Imbolc and the 3/4 Moon

Thursday gratefuls: Forgot Wednesday. David Sanders. Jodi. The new kitchen. The furniture rearranging and moving. Herme going on the wall sometime in March. Along with that Arts and Crafts chandelier being hung. Kep. A very good boy. Rigel, returned to her constellation. Kate, always Kate. Snow and Cold. A Minnesota winter week for Shadow Mountain. Great sleeping.

Sparks of Joy and Awe: The heart/mind

Tarot: The Knight of Bows

 

I’m a fence sitter when it comes to ideas. I can hold the polarities, as kabbalah teaches, but when it comes to saying yes to something like the soul, I shy away.

Seems it went like this. Freshman philosophy at Wabash. All those proofs for the existence of God that Father Ed gave me my senior year of high school. That I loved. That seemed clear and irrefutable. Pretty refutable. After that, Camus.

Reinforcing Camus was the flat earth metaphysics of the logic positivists and the linguistic analysts. Wittgenstein: That of which we cannot speak, we must be silent. I inhaled.

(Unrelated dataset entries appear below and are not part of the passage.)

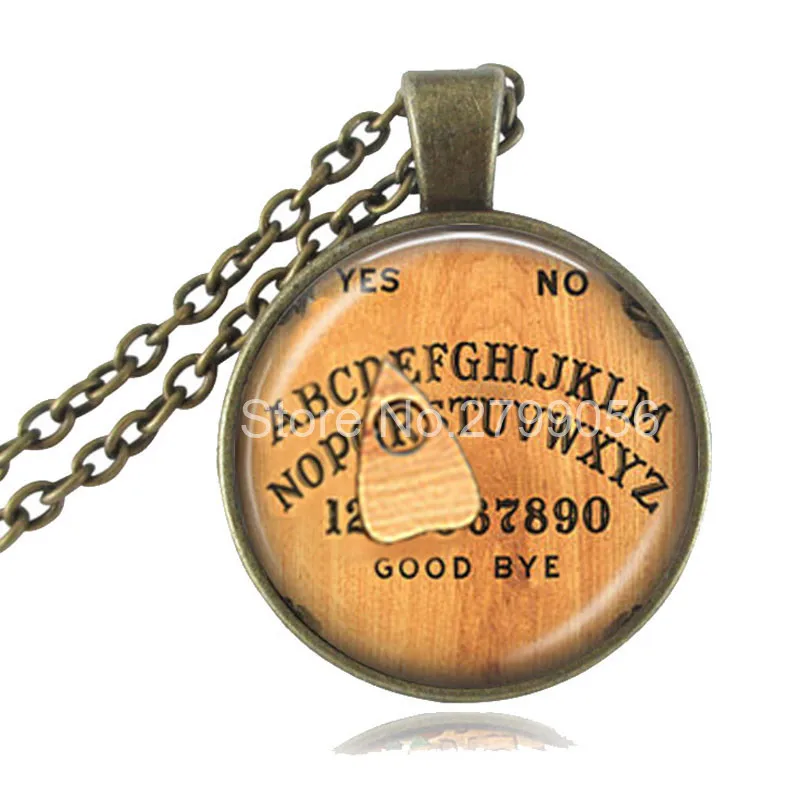 Ouija Board Necklace Personalized Pendant You Choose the Letter Wiccan Jewelry Glass Cabochon Bronze Chain Statement | Украшения и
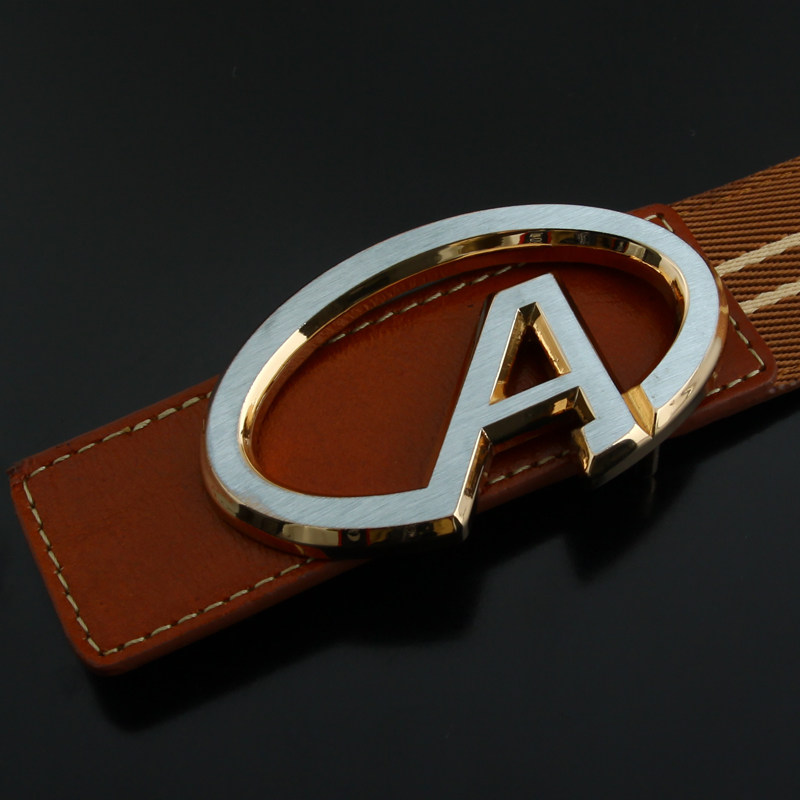 平滑扣皮带男真皮 牛皮拼接尼龙时尚韩版腰带 字母a板扣皮带 仙果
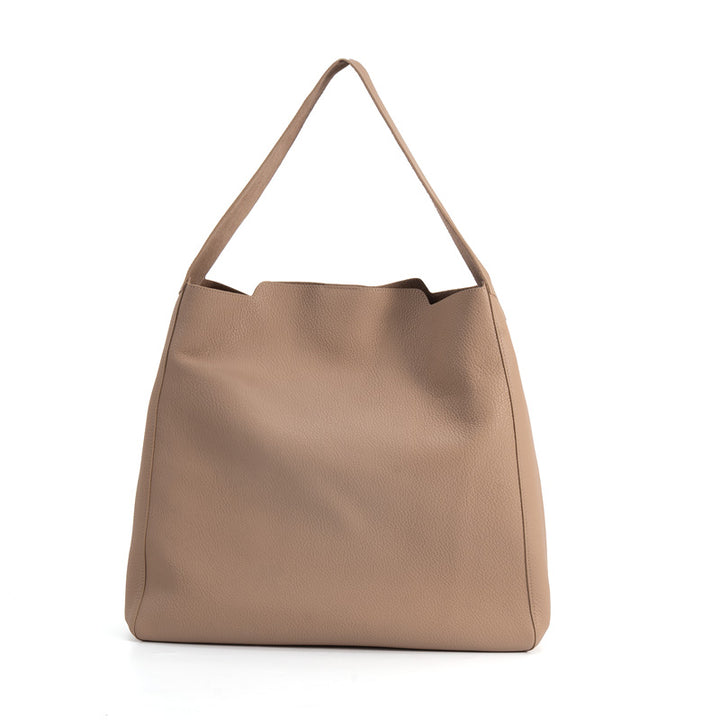 Leather Hobo Tote Bag Top Grain Minimalist Large Shoulder Bag with Removable Pouch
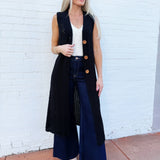 in february Outerwear - Cardigans Sleeveless Midi Cardigan In Black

No god. Or, if there was one they weren’t very good at their job. Anyhow, I became an enlightenment guy, empiricist full stop. Skeptical, sometimes veering into nihilism, sometimes cynicism. Actually, a sort of lonely place.

Appleton, Wisconsin. Married, deeply unhappy. Working in a paper mill cutting rags to make paper for the U.S. Treasury. Drinking way too much. Trying to live with the open marriage I entered into willingly. In my head. But not in my heart. In a city I could not embrace.

Judy and I decided to part ways, but not divorce. I’d find politics and the church. The politics led me to seminary. A Kierkegaardian moment gave me a window into the Christian faith without having to accept the metaphysics. I’d live as if I believed.

Worked. I took a deep, deep dive into Christian theology, ethics, mystical thought. Practiced several forms of mediation like lectio divina, the Jesus Prayer, contemplating the ineffability of God.

Worked until it didn’t. I began searching in my heritage, my Celtic heritage for writing ideas. Found the Great Wheel of the Seasons. This time I not only inhaled. I held it in. Got giddy. A new way of looking at the world, an animistic way, a pagan way. Not Christian. Oops.

Not like Judaism. Where your belief in God is your business. Even for Rabbi’s. Had to bale. Lucky I met Kate. She gave me a parachute out of a difficult situation. Kate though.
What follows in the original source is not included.